Case Study: Pima County, Arizona beats extreme heat with Roundtable

The big picture

  • Extreme heat killed nearly 2,400 Americans in 2024, making coordination between government agencies, nonprofits, and community groups critical for protecting vulnerable populations.
  • Pima County, Arizona solved its coordination challenges by adopting Roundtable, a government operations platform that replaced the chaos of multiple communication tools like Zoom, Teams, and email that were slowing down information dissemination and complicating information access. 
  • Roundtable enables real-time collaboration between Pima County, cities, nonprofits, other Arizona counties, state government agencies, and faith-based organizations — even facilitating direct partnerships between organizations. 

Pima County, Arizona beats extreme heat with Roundtable

Extreme heat remains a potent public policy challenge for municipalities across the nation. 

Nearly 2,400 people died from heat in 2024, making it one of the deadliest years on record. In the first three months of 2025, global temperatures were the second warmest ever recorded; in June 2025, over 350 daily high temperature records were tied or broken.

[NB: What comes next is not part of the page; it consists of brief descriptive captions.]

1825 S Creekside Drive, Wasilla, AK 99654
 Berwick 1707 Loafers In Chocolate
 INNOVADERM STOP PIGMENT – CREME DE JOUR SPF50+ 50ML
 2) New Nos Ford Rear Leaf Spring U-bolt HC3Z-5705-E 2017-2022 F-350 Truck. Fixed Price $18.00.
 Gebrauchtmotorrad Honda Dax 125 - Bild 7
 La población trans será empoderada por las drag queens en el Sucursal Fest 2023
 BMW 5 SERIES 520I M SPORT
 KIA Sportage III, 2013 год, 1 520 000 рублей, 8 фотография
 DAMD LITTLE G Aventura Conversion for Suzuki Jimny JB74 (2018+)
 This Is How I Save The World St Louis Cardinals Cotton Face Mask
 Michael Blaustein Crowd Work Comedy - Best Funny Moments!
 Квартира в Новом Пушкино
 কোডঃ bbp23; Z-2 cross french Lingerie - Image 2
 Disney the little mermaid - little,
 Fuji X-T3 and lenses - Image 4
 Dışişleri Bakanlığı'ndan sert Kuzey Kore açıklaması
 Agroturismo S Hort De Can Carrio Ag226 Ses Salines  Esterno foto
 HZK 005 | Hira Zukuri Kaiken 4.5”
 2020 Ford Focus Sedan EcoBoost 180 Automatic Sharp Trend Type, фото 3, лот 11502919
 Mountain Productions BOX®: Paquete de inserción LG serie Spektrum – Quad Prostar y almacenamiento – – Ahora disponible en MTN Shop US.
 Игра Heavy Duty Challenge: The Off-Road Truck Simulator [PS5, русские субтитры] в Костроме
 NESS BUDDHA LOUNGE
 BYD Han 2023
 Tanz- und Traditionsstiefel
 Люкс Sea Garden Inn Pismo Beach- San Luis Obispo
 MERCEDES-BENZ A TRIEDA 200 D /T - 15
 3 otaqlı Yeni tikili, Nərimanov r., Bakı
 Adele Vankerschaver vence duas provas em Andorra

Nowhere in the U.S. is extreme heat more acute than Arizona. 

“Heat isn’t a one and done problem,” explained Nate Young, Heat Response and Relief Program Manager for Pima County, Arizona. “Heat-related illnesses result in other conditions and chronic health issues can be exacerbated by heat. It can intimately affect Arizonans’ quality of life.”

Betsy Camara, a Pima County Heat Relief and Response Manager, explained how heat disproportionately affects certain populations in Arizona, like unhoused individuals and the elderly. “Effective intervention and mitigating heat risk takes a coordinated effort. There is no Department of Heat, we all have to work together.”

Enter Roundtable

Camara explained that Pima County works with city governments, non-profits, universities, other counties in Arizona, and the state government. “Traditionally, government work is siloed,” she said. “But with heat mitigation, it’s not just different levels of government that are involved, but different departments within state, county, and local government and non-governmental partners, too. We have to be able to collaborate to help Arizonans experiencing extreme heat.”

Existing technologies, however, posed multiple coordination challenges. “Everyone had a different platform, like Zoom or Teams or whatever the other ones are,” Camara said. “We’re sharing real-time data and emergent information. We don’t have time to constantly approve permissions and juggle a variety of tools to work with our partners to help our constituents.”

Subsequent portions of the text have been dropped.